● **WORK REQUIRED**
Once you have located the line containing "Extraordinaria casa remodelada" in the material below, return it exactly along with each line after it through the line containing "Used 2016 Lexus RC 200t image 27".

------------------------------

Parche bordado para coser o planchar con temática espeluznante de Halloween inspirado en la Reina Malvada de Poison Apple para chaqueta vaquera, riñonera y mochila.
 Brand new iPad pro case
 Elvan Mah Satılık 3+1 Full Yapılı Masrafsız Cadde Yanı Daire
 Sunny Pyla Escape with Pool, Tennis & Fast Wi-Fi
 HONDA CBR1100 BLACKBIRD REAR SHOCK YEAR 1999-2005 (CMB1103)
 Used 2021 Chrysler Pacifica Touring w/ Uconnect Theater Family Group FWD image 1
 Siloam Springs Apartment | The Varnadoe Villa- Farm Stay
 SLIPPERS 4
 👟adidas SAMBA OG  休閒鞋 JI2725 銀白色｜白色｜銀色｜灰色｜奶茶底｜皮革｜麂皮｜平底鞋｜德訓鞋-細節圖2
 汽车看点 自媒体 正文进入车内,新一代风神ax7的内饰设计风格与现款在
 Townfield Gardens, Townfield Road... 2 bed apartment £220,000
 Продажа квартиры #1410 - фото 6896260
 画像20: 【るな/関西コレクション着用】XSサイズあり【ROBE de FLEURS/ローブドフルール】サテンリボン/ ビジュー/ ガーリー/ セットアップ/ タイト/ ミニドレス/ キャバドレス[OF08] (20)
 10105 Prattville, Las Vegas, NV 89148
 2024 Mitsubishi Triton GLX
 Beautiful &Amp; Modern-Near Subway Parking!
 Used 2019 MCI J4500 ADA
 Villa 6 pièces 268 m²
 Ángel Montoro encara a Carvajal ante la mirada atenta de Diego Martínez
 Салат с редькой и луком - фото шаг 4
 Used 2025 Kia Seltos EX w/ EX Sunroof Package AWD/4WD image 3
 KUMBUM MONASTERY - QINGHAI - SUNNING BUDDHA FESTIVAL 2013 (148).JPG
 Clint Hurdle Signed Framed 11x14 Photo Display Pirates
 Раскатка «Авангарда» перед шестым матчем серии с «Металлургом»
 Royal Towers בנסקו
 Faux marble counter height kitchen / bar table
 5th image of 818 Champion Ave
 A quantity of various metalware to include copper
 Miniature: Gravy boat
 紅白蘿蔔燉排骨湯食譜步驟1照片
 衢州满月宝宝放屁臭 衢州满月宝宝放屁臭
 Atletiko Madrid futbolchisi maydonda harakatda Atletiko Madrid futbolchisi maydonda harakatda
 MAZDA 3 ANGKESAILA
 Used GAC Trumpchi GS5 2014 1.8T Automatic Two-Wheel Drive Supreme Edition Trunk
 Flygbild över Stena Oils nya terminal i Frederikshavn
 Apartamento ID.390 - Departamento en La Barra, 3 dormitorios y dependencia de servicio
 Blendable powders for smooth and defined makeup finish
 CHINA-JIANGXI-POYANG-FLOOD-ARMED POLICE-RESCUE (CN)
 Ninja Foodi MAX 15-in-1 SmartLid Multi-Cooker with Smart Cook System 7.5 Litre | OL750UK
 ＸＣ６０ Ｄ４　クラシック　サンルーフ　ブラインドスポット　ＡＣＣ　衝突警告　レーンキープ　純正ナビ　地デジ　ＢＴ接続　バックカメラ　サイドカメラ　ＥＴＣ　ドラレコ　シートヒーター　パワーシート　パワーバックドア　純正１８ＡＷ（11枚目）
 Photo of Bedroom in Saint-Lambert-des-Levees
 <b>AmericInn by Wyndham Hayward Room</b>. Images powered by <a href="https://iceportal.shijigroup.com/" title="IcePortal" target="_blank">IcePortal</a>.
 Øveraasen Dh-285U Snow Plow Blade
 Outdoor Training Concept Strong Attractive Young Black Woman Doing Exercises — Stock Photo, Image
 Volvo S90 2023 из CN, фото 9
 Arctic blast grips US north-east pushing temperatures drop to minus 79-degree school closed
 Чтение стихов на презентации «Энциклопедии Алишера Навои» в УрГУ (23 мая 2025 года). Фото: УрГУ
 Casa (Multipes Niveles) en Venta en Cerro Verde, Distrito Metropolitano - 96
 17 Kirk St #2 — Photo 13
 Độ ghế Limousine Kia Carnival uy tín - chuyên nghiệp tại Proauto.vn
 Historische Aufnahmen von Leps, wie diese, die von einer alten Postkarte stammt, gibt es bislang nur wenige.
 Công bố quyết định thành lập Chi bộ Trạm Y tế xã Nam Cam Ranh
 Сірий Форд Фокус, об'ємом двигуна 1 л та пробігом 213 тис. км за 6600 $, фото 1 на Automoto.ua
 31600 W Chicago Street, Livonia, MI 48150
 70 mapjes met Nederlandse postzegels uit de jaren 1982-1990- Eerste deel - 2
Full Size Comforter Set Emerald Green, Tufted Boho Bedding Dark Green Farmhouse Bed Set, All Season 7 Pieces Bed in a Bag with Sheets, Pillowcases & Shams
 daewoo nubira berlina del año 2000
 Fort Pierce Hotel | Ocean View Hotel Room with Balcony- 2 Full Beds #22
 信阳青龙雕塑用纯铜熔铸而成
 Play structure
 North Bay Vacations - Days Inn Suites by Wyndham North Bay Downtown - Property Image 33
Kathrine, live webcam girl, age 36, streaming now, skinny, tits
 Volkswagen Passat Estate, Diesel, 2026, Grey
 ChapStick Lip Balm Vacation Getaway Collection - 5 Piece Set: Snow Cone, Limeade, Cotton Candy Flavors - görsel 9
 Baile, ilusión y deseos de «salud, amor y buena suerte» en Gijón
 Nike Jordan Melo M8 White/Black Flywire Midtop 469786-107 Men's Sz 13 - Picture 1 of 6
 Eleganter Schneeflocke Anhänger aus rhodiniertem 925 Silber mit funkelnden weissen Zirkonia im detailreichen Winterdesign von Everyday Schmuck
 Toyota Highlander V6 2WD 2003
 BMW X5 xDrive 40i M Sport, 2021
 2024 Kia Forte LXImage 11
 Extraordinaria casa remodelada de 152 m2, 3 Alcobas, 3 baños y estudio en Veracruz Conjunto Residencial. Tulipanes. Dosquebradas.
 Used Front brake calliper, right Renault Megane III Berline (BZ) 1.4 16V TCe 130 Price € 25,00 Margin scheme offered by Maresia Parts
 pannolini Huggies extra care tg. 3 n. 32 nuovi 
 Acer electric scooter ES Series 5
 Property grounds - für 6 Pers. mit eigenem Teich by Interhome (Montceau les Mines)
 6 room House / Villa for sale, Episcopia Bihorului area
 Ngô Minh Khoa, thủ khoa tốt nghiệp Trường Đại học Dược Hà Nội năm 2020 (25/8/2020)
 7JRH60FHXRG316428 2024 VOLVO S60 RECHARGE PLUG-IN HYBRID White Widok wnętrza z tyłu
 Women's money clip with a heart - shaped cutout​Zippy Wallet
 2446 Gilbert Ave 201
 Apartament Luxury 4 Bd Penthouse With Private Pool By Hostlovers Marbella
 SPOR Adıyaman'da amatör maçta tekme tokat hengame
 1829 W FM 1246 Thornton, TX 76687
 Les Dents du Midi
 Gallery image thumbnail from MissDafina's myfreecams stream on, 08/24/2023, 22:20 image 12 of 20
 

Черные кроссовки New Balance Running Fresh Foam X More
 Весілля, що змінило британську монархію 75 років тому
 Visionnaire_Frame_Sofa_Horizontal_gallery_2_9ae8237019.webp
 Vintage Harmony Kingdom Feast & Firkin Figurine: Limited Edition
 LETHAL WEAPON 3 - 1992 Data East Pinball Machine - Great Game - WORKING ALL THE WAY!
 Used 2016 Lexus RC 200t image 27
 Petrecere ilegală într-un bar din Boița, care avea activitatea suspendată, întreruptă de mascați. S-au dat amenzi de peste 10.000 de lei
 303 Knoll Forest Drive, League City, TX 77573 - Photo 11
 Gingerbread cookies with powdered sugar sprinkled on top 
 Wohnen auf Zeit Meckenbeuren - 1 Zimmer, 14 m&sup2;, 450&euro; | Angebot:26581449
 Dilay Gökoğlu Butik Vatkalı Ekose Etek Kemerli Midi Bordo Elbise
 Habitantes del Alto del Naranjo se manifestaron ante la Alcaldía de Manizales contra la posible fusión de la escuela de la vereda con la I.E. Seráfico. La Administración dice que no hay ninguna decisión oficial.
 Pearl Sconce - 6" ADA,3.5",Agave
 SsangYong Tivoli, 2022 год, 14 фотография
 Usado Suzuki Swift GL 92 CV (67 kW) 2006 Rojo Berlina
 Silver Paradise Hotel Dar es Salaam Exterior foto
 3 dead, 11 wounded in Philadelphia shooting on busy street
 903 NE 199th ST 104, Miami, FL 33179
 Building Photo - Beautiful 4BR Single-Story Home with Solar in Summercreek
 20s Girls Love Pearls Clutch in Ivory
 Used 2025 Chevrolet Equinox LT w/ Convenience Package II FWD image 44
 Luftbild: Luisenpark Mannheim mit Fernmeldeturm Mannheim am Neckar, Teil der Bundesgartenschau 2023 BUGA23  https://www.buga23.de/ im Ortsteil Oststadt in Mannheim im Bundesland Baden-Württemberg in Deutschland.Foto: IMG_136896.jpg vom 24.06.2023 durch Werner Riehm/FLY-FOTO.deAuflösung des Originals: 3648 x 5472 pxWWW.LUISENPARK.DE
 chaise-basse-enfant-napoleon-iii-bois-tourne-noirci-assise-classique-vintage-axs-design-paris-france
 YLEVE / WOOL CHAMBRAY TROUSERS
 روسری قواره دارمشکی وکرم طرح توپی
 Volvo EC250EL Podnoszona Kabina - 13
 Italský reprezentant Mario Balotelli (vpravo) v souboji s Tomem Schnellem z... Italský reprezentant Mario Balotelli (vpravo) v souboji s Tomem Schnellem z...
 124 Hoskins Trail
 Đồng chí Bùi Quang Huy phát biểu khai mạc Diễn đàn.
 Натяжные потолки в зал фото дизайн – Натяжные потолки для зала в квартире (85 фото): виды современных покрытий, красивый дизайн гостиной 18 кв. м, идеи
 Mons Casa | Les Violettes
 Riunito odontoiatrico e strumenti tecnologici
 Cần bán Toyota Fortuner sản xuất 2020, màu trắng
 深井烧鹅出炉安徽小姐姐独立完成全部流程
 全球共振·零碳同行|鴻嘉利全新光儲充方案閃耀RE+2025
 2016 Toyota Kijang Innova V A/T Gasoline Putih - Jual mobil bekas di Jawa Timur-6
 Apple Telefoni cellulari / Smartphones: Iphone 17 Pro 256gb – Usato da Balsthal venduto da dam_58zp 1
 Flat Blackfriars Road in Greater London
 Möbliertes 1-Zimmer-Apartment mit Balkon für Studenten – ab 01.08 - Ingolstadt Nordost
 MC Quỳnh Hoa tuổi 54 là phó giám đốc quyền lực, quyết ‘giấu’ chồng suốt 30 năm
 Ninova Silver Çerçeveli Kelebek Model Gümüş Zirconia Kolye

------------------------------

● **RESULT**
 Extraordinaria casa remodelada de 152 m2, 3 Alcobas, 3 baños y estudio en Veracruz Conjunto Residencial. Tulipanes. Dosquebradas.
 Used Front brake calliper, right Renault Megane III Berline (BZ) 1.4 16V TCe 130 Price € 25,00 Margin scheme offered by Maresia Parts
 pannolini Huggies extra care tg. 3 n. 32 nuovi 
 Acer electric scooter ES Series 5
 Property grounds - für 6 Pers. mit eigenem Teich by Interhome (Montceau les Mines)
 6 room House / Villa for sale, Episcopia Bihorului area
 Ngô Minh Khoa, thủ khoa tốt nghiệp Trường Đại học Dược Hà Nội năm 2020 (25/8/2020)
 7JRH60FHXRG316428 2024 VOLVO S60 RECHARGE PLUG-IN HYBRID White Widok wnętrza z tyłu
 Women's money clip with a heart - shaped cutout​Zippy Wallet
 2446 Gilbert Ave 201
 Apartament Luxury 4 Bd Penthouse With Private Pool By Hostlovers Marbella
 SPOR Adıyaman'da amatör maçta tekme tokat hengame
 1829 W FM 1246 Thornton, TX 76687
 Les Dents du Midi
 Gallery image thumbnail from MissDafina's myfreecams stream on, 08/24/2023, 22:20 image 12 of 20
 

Черные кроссовки New Balance Running Fresh Foam X More
 Весілля, що змінило британську монархію 75 років тому
 Visionnaire_Frame_Sofa_Horizontal_gallery_2_9ae8237019.webp
 Vintage Harmony Kingdom Feast & Firkin Figurine: Limited Edition
 LETHAL WEAPON 3 - 1992 Data East Pinball Machine - Great Game - WORKING ALL THE WAY!
 Used 2016 Lexus RC 200t image 27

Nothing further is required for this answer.